= Charles Cornwallis, 3rd Baron Cornwallis =

British politician

Charles Cornwallis, 3rd Baron Cornwallis PC (28 December 1655 – 29 April 1698) was an English politician who served as First Lord of the Admiralty and Lord Lieutenant of Suffolk, in which capacity he personally served as Colonel of the Suffolk Militia Horse in 1692. He succeeded his father Charles Cornwallis, 2nd Baron Cornwallis as Baron Cornwallis in 1673. On 27 December that year, at Westminster Abbey, he married Elizabeth Fox (d. 28 February 1681 in Tunbridge Wells), daughter of Sir Stephen Fox. They had four sons:
- Charles, 4th Baron Cornwallis (1675–20 January 1722)
- William (?-9 May 1679)
- James (?-30 May 1680)
- John (?-before 1698) (Note: John Cornwallis is not mentioned in his father's will and thus it is probable that he had died before the will was written on 9 October 1697.)
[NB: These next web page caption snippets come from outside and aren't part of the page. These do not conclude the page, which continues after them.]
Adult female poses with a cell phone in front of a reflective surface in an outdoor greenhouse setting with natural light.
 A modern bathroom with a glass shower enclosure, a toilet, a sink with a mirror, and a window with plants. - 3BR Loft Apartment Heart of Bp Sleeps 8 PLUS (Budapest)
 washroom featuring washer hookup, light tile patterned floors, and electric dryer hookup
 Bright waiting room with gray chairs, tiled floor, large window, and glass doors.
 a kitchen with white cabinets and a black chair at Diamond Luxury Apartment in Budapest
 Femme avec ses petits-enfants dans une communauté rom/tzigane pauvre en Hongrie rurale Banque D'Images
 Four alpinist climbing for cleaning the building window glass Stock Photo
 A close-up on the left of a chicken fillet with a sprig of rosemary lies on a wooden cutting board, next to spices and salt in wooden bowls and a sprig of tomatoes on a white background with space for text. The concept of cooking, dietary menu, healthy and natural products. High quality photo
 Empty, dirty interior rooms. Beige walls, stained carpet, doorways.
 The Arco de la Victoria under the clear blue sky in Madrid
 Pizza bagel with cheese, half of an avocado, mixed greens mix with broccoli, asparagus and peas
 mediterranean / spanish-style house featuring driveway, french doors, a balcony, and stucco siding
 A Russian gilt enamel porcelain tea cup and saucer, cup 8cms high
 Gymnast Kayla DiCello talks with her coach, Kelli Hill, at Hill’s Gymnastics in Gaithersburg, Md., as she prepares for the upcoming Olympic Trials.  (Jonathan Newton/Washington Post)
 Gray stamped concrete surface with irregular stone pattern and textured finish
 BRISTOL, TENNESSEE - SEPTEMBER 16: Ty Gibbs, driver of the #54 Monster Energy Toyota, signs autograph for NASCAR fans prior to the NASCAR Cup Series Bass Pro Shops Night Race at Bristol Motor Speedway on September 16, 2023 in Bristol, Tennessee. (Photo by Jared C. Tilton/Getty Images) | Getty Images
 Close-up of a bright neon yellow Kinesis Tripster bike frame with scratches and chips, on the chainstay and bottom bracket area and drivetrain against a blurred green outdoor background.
After Elizabeth's death, on 6 May 1688 he married Anne Scott, 1st Duchess of Buccleuch, widow of James Scott, 1st Duke of Monmouth, with whom she later had three children: (Note: As the Duchess of Buccleuch. Lady Anne Scott was an heiress in her own right, so all of her children took her surname.)

- Lady Anne Scott (bap. 27 April 1690-buried 25 July 1690)
- Lord George Scott (23 September 1692–buried 27 May 1693)
- Lady Isabella Scott (27 April 1694-18 February 1748)

Cornwallis's financial situation on succeeding to the barony was dire. The situation was eased by the sale of properties at Waburne [Weybourne], Hemblington and Panxford in Norfolk and Little Bradley in Suffolk to his father-in-law, Sir Stephen Fox. As part of the marriage settlement granted by Sir Stephen on the marriage of his daughter, Elizabeth, to Cornwallis, on the death of Sir Stephen Fox these properties reverted to Charles Cornwallis, 4th Baron Cornwallis.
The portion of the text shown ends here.